BEGIN RECORDS TO PROCESS
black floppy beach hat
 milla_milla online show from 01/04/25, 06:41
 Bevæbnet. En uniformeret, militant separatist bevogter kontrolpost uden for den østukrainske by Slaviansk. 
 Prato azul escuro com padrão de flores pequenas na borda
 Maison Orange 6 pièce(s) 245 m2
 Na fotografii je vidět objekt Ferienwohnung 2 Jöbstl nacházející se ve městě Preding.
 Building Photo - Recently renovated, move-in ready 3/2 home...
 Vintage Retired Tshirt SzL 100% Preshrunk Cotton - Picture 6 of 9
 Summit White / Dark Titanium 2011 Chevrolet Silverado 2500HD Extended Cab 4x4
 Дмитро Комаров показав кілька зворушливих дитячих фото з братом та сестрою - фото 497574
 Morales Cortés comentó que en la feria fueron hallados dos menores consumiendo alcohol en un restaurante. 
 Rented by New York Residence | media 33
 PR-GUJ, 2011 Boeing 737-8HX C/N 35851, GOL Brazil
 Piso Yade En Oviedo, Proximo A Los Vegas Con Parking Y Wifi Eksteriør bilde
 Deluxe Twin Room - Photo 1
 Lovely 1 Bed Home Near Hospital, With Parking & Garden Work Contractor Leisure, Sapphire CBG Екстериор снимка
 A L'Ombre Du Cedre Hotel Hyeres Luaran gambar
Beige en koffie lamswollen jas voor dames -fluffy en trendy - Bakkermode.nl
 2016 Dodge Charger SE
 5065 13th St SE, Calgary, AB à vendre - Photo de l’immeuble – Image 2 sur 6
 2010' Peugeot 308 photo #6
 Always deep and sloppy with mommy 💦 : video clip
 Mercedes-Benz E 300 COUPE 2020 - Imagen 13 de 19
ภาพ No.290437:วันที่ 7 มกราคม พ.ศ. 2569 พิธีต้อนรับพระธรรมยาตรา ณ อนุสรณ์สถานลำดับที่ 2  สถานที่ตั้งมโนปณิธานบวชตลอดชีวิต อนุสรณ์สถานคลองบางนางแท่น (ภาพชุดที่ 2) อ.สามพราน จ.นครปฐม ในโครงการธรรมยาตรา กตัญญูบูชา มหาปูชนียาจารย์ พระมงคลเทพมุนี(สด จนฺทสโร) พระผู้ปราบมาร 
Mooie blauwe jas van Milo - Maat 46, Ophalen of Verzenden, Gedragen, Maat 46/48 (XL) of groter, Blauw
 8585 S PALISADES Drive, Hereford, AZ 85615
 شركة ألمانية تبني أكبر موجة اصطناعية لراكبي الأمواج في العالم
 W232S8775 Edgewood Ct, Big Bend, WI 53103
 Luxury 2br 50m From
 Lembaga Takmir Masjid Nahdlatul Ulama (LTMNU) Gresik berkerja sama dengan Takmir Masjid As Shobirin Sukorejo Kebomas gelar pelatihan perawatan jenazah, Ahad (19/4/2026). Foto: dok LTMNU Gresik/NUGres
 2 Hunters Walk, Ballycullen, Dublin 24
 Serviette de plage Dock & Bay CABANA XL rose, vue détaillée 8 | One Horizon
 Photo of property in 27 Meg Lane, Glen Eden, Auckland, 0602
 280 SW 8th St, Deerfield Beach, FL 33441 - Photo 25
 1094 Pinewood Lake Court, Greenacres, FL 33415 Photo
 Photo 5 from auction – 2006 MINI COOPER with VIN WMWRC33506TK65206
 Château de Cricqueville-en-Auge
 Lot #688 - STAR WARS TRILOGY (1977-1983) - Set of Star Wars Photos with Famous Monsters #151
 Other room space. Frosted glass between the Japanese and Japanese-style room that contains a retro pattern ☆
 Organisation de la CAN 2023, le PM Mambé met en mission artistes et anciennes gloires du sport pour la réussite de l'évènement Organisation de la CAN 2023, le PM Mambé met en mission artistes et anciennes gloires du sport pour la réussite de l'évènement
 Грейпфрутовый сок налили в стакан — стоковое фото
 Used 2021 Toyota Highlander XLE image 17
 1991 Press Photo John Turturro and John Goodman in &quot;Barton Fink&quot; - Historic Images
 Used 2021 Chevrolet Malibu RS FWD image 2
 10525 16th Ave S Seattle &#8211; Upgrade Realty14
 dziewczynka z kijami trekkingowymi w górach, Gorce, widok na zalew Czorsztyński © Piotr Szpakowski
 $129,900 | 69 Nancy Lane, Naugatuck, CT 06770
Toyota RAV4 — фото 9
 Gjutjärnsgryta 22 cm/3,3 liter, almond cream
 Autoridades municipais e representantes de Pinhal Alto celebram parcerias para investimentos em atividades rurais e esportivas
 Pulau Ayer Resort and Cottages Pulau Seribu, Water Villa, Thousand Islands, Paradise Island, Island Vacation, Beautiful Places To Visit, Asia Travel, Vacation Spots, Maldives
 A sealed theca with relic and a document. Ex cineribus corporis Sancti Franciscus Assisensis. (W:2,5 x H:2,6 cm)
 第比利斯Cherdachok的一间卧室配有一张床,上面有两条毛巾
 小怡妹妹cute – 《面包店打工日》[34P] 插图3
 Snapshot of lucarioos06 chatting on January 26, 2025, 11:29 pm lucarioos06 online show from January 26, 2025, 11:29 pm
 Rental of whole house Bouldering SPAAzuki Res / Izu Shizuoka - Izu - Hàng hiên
END RECORDS TO PROCESS
| EXERCISE PROMPT |
Reproduce verbatim the lines above, from the line with "Mercedes-Benz E 300" through the line with "Used 2021 Toyota Highlander XLE image 17".

| RESPONSE FOR THIS EXERCISE |
 Mercedes-Benz E 300 COUPE 2020 - Imagen 13 de 19
ภาพ No.290437:วันที่ 7 มกราคม พ.ศ. 2569 พิธีต้อนรับพระธรรมยาตรา ณ อนุสรณ์สถานลำดับที่ 2  สถานที่ตั้งมโนปณิธานบวชตลอดชีวิต อนุสรณ์สถานคลองบางนางแท่น (ภาพชุดที่ 2) อ.สามพราน จ.นครปฐม ในโครงการธรรมยาตรา กตัญญูบูชา มหาปูชนียาจารย์ พระมงคลเทพมุนี(สด จนฺทสโร) พระผู้ปราบมาร 
Mooie blauwe jas van Milo - Maat 46, Ophalen of Verzenden, Gedragen, Maat 46/48 (XL) of groter, Blauw
 8585 S PALISADES Drive, Hereford, AZ 85615
 شركة ألمانية تبني أكبر موجة اصطناعية لراكبي الأمواج في العالم
 W232S8775 Edgewood Ct, Big Bend, WI 53103
 Luxury 2br 50m From
 Lembaga Takmir Masjid Nahdlatul Ulama (LTMNU) Gresik berkerja sama dengan Takmir Masjid As Shobirin Sukorejo Kebomas gelar pelatihan perawatan jenazah, Ahad (19/4/2026). Foto: dok LTMNU Gresik/NUGres
 2 Hunters Walk, Ballycullen, Dublin 24
 Serviette de plage Dock & Bay CABANA XL rose, vue détaillée 8 | One Horizon
 Photo of property in 27 Meg Lane, Glen Eden, Auckland, 0602
 280 SW 8th St, Deerfield Beach, FL 33441 - Photo 25
 1094 Pinewood Lake Court, Greenacres, FL 33415 Photo
 Photo 5 from auction – 2006 MINI COOPER with VIN WMWRC33506TK65206
 Château de Cricqueville-en-Auge
 Lot #688 - STAR WARS TRILOGY (1977-1983) - Set of Star Wars Photos with Famous Monsters #151
 Other room space. Frosted glass between the Japanese and Japanese-style room that contains a retro pattern ☆
 Organisation de la CAN 2023, le PM Mambé met en mission artistes et anciennes gloires du sport pour la réussite de l'évènement Organisation de la CAN 2023, le PM Mambé met en mission artistes et anciennes gloires du sport pour la réussite de l'évènement
 Грейпфрутовый сок налили в стакан — стоковое фото
 Used 2021 Toyota Highlander XLE image 17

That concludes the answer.